In fact the writing (Dhulia and Kamal Pandey) is much cleverer and wittier than what it seems.

Milan Talkies movie review: Tigmanshu Dhulia's tenderest tale

Film: Milan Talkies; Starring Ali Faizal, Shraddha Srinath, Ashutosh Rana, Tigmanshu Dhulia, Sanjai Mishra; Director: Tigmanshu Dhulia
Rating: ****(4 stars)

"I've heard," says the inexperienced lover-boy, that in the beginning of a romance there is a lot of sex. And then it wears down to just once in a while on Karwa Chauth or whatever.

Hearing Ali Fazal drawl these words of artless candour in the projection room of a single-theatre in Allahabad, is a pleasure beyond measure.
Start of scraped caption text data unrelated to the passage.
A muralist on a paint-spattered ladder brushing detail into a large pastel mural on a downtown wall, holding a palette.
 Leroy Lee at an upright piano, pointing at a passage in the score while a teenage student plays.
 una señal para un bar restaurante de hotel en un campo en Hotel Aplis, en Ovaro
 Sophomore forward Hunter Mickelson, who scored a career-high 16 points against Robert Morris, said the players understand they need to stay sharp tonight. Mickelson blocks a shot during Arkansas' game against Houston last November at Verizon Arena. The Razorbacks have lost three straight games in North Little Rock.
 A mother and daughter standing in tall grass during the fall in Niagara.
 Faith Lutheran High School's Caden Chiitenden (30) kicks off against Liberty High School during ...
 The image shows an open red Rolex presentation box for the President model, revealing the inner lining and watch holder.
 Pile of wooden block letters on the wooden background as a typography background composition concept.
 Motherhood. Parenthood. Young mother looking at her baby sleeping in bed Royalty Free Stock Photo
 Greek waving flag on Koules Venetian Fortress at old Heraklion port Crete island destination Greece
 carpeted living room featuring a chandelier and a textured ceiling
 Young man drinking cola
Milan Talkies a spiffily written expertly enacted small town hormonal romance with the juices trickling down its frames. It conveys just the right ingredients of smothered passion and unabashed swagger to make the proceedings pungent and real.

In fact the writing (Dhulia and Kamal Pandey) is much cleverer and wittier than what it seems.

There is exchange at a crucial point in the narration where a character asks the hero's friends "a butcher by profession" "Tu itna PAK-PAK kyon kar raha hai?"

All through the playing-time of this tightly-wound but loosely-structured love story I was sure of one thing. That this is Tigmanshu's most accomplished work since "Paan Singh Tomar" smartly written, wisely punctuated and sharply cut, it does everything right even the characters go horribly wrong in their judgement. Watch the magnificent Ashutosh Rana bellow against destiny when he curses the day he married off his daughter to an impotent goonda. It's a moment of reckoning in a film that revels in revelations, none surprising but all delightful.

There is no doubt on our minds that the small-town lovers would be finally united in true blue filmy fashion in this film filled with filmy characters, none more filmy that wannabe filmmaker hero's father played with sassy self-mockery by director Tigmanshu Dhulia. The director plays the hero's father as a man lost in the movies of the 1970s not quite connected with the real world outside and henceA frozen in a childlike state of existence.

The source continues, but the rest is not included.